They carry the name of Heracles, and they live in Stratford, east London. The Herak family are Romani people, or Roma: not Romanians – which is an ethnonym derived from the ancient Romans – but Roma, a word with a Sanskrit root, and which can mean ‘husbands’, ‘Romani people’ or simply ‘us’. Over the past thousand years the Roma have gone by whole directories of other names, some merely misnomers (Egyptians – whence ‘Gypsies’ – and Turks), and some, at least originally, blunt and vile (Tsiggánoi, Çigany, Zigeuner: all of which share the root meaning ‘Untouchable Ones’). But if the name ‘Roma’ and, to whatever degree, those people who call themselves Roma, are of sometime Indian heritage, then why would such a family, ambling along a footbridge in twenty-first-century England, bear a Greek-derived name, when they aren’t even from Greece?
There are many answers. Most Roma, whatever their far-flung ancestry, are Europeans going back tens of generations. And though there are still families, like my own, who have only lately begun to move off ‘the road’, large numbers of so-called Gypsies come from families who have not been nomadic for several hundreds of years. They are often deeply rooted in the countries in which they live, sometimes with medieval provenance there.
The Heraks, for instance, hail in recent generations from Slovakia. They speak three languages at home: Slovak, English and a Slovak dialect of the Romani language. That is to say, three Indo-European languages, of which Romani is the most recent arrival in Europe, thoroughly influenced by centuries of life here and, prior to that, in the Caucasus and Persia. Then there is the land of the divine hero Heracles: Greece itself – specifically, the Byzantine Empire into which the Roma arrived, their forebears having set out westward from India around the year ad 1000. Greece became one of the crucibles of an evolving Romani culture, a sort of second motherland. As a result, the Romani language is strewn with Greek words – alongside Armenian and Persian ones. Scholars like to call them ‘lexical items’ and ‘borrowings’, as if they were physical, or somehow in short supply: as if, by taking them on their journey, the Roma had left their original owners bereft. This traffic in vocabulary worked in both directions, though, and Romani words from India have been left behind wherever the Roma have lived, from Tehran to Helsinki.

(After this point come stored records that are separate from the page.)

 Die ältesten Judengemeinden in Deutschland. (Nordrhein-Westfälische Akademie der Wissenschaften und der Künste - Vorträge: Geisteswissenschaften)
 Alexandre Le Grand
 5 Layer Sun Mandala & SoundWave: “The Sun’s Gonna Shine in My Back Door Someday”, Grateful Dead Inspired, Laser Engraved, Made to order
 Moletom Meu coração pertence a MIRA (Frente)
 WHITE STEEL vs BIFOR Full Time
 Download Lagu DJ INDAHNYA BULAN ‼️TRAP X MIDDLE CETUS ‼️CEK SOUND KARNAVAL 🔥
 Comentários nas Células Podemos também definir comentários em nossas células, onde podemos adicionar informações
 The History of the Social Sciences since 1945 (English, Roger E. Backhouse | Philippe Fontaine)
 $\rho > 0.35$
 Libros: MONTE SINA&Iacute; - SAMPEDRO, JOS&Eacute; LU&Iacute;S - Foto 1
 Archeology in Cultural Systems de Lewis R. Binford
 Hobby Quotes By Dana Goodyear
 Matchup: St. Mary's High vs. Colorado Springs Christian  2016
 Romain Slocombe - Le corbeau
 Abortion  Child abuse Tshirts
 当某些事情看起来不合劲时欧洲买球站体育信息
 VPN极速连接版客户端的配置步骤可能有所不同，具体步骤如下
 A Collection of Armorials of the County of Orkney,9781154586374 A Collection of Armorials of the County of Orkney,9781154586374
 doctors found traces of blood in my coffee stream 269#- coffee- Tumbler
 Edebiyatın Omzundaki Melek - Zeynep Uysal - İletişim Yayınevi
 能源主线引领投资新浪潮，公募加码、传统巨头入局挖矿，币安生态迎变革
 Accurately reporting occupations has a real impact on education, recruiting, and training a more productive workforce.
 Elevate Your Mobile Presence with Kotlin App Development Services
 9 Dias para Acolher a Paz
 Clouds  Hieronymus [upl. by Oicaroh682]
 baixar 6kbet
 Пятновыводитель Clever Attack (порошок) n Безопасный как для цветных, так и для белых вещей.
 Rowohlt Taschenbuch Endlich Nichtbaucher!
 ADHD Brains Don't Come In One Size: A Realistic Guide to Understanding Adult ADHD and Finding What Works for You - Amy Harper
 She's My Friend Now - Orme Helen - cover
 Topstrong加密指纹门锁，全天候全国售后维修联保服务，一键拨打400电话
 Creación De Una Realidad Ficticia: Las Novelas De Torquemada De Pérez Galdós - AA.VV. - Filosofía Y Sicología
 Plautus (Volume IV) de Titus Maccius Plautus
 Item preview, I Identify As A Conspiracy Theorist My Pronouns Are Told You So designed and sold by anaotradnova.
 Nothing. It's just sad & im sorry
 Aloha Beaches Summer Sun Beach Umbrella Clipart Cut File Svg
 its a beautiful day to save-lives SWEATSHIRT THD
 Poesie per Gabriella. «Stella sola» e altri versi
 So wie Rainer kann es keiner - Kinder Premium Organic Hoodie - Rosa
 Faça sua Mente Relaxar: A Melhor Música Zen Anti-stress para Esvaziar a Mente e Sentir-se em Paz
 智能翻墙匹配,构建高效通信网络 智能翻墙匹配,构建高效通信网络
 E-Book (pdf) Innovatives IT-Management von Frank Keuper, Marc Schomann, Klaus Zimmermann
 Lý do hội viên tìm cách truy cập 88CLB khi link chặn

Britain has a long-established Romani presence, stretching back to a probable first arrival in late-fifteenth-century Scotland: many of the country’s Traveller families are descended from these early migrations. In addition, there are perhaps as many as 200,000 Romani people in the UK whose families moved here in recent decades from continental Europe. Few take after the popular image of Gypsies. Almost all recent Romani immigrants, like the Heraks, live in brick-and-mortar housing, and are quietly getting on with regular jobs and uncontroversial lifestyles. If anything makes them stand out, it might be their appreciation of the fact that, in British schools, Roma children aren’t put into separate teaching groups for children with less potential. In 2015 the European Commission initiated proceedings against Slovakia because of this practice, apparently with little effect. Five years later, in 2020, the Ministry of Education of the Slovak Republic wrote to the Commission acknowledging the continued existence of racially segregated education, while quibbling over how it should be defined, and UNESCO’s Global Education Monitoring team have found that, as of this year, the country’s Romani children are still frequently taught in classes apart, with few chances to shine.
In Romani families’ photographs there always seem to be signals of a taste for the resplendent. The Heraks’ photographs are no different.